## Problem statement
Return every record verbatim, omitting all pictures.

[Input data — start]

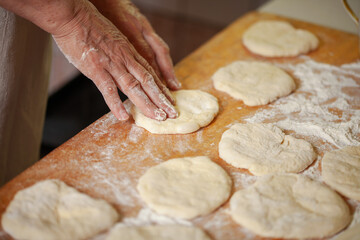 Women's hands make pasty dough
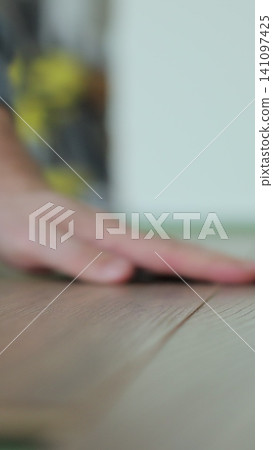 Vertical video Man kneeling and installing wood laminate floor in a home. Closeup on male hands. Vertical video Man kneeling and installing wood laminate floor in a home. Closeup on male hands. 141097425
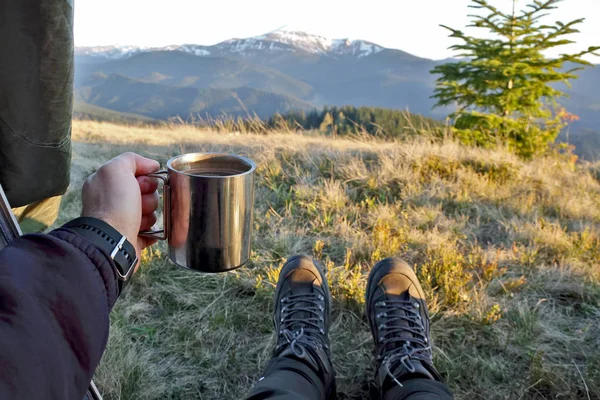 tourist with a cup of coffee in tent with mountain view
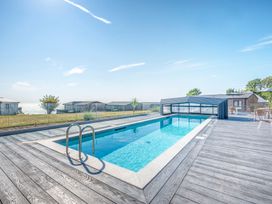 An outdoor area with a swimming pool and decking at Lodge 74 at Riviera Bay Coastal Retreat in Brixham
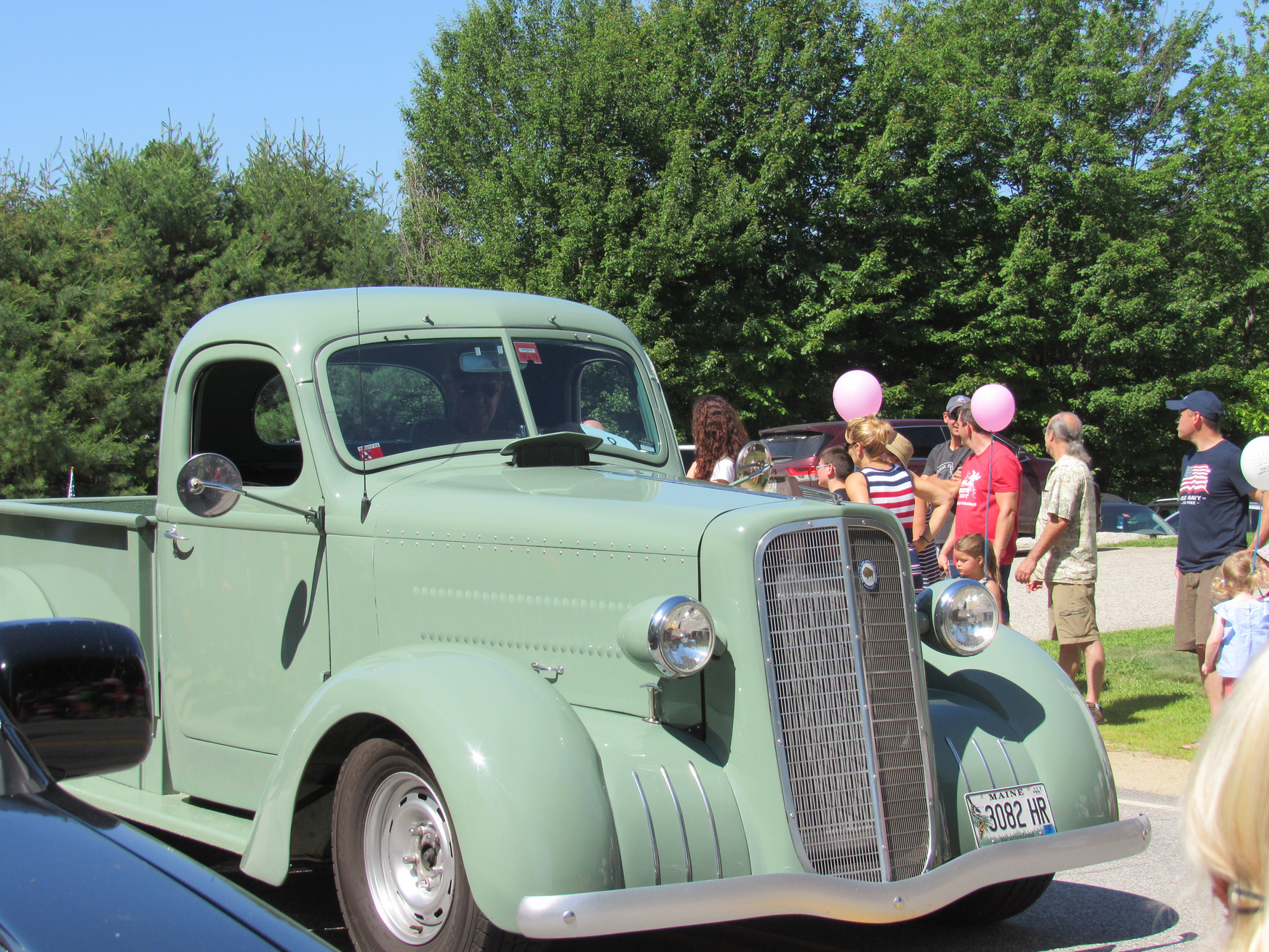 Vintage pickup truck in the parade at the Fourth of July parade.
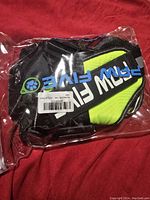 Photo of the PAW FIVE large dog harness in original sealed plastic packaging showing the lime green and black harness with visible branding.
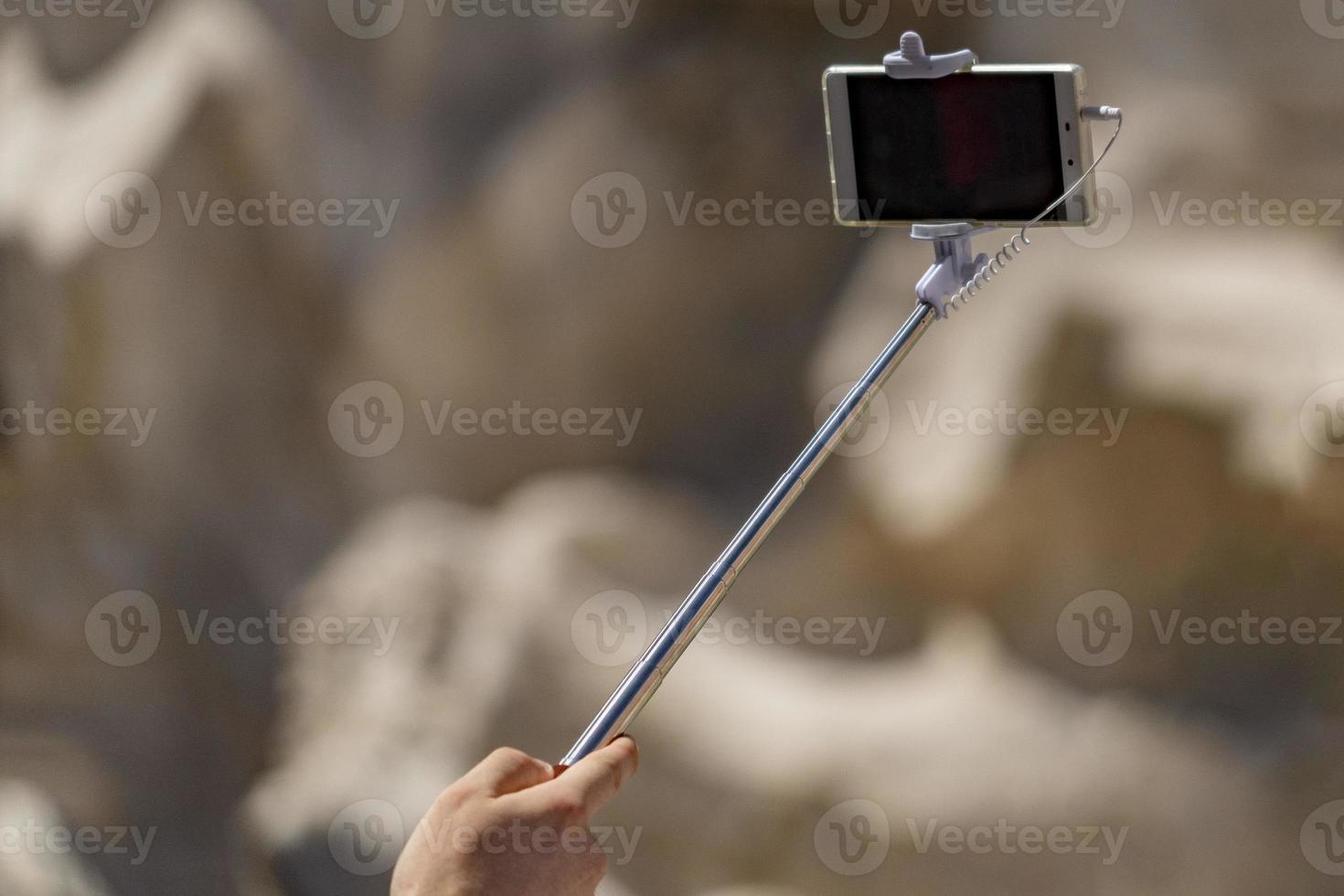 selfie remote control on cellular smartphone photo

[Input data — finish]

## Response below
 Women's hands make pasty dough
 Vertical video Man kneeling and installing wood laminate floor in a home. Closeup on male hands. Vertical video Man kneeling and installing wood laminate floor in a home. Closeup on male hands. 141097425
 tourist with a cup of coffee in tent with mountain view
 An outdoor area with a swimming pool and decking at Lodge 74 at Riviera Bay Coastal Retreat in Brixham
 Vintage pickup truck in the parade at the Fourth of July parade.
 Photo of the PAW FIVE large dog harness in original sealed plastic packaging showing the lime green and black harness with visible branding.
 selfie remote control on cellular smartphone photo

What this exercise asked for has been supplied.